Ocular Surface Research Laboratory, Ege University, Faculty of Medicine, Izmir, Turkey.
J Ophthalmic Vis Res. 2025 Aug 27;20. doi: 10.18502/jovr.v20.16399. eCollection 2025.
To report a case of eosinophilic granulomatosis with polyangiitis (EGPA) initially presenting as orbital involvement, describe its successful management, and provide a comprehensive literature review.
A 33-year-old female patient presented with swelling, redness, tenderness, and a mass under the left upper eyelid for one month. Upper lid eversion showed a multilobulated lesion in the subconjunctival area of the same region. The patient's medical history included asthma and atrial septal defect surgery. Orbital MRI revealed a soft tissue mass infiltrating the superior and lateral aspects of the conal and extraconal regions in the anterior orbit, with extension toward the preseptal area. The lesion underwent incisional biopsy, and histopathological findings were consistent with the diagnosis of EGPA. The patient's blood tests revealed eosinophilia and a negative antineutrophil cytoplasmic antibody. After excluding other similar pathologies such as granulomatosis with polyangiitis, we observed a dramatic regression in her orbital lesion following systemic steroid therapy.

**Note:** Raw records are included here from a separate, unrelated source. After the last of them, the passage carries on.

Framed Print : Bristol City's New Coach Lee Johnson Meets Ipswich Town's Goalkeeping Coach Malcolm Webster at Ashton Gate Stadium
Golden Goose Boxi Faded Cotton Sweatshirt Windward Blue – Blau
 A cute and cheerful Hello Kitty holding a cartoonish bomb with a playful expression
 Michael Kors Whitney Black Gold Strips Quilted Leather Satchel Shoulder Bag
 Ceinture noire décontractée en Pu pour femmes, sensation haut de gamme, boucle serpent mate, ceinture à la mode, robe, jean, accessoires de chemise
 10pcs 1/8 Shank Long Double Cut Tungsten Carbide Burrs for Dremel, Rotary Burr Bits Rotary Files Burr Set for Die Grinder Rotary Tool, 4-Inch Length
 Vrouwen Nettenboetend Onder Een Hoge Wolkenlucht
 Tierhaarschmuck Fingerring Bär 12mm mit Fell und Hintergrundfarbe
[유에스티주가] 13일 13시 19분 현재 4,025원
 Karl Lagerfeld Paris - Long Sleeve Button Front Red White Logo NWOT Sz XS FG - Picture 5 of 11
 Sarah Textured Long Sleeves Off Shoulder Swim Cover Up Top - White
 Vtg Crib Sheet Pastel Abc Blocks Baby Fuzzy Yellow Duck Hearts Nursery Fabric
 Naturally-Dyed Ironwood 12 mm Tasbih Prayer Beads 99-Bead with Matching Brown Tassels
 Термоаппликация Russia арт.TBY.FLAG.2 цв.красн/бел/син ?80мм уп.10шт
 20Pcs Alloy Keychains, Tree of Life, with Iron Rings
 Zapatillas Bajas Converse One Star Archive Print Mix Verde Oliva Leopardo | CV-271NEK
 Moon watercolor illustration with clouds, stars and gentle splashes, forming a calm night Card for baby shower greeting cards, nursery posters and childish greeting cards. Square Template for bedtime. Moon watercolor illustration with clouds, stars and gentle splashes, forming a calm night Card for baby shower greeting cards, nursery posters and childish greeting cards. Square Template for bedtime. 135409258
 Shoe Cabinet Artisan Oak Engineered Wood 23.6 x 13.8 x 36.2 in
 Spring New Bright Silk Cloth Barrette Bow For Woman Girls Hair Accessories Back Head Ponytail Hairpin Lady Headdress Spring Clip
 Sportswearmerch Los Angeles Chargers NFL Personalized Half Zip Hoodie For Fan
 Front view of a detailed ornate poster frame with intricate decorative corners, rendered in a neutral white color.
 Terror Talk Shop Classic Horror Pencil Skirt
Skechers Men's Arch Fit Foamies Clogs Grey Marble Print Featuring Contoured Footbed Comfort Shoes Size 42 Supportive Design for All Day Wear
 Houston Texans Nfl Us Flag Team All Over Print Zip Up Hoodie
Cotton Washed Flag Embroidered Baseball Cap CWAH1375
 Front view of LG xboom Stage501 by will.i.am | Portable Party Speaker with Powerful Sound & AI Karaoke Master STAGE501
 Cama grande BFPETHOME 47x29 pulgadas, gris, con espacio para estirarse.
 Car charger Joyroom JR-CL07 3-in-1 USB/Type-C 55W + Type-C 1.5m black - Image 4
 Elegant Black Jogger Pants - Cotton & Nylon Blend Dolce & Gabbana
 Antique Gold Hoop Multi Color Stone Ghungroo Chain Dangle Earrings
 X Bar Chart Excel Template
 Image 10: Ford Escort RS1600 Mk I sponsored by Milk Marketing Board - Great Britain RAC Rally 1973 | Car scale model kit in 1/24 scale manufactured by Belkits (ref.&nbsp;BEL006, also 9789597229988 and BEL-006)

The diagnosis of EGPA, a rare clinical presentation, is crucial for ophthalmologists because it provides early recognition of the systemic disease and can help slow its progression by initiating appropriate treatment in a timely manner.
报告一例最初表现为眼眶受累的嗜酸性肉芽肿性多血管炎(EGPA)病例,描述其成功的治疗过程,并提供全面的文献综述。
一名33岁女性患者,左上眼睑肿胀、发红、压痛伴肿物1个月。上睑翻转显示同一区域结膜下有一个多叶状病变。患者既往病史包括哮喘和房间隔缺损手术史。眼眶MRI显示前眼眶圆锥内和圆锥外区域的上外侧有一个软组织肿块浸润,并延伸至眶隔前区域。该病变进行了切开活检,组织病理学结果符合EGPA诊断。患者血液检查显示嗜酸性粒细胞增多,抗中性粒细胞胞浆抗体阴性。在排除其他类似疾病如肉芽肿性多血管炎后,我们观察到全身类固醇治疗后其眼眶病变显著消退。
EGPA这种罕见的临床表现的诊断对眼科医生至关重要,因为它能使全身疾病得到早期识别,并通过及时启动适当治疗有助于减缓其进展。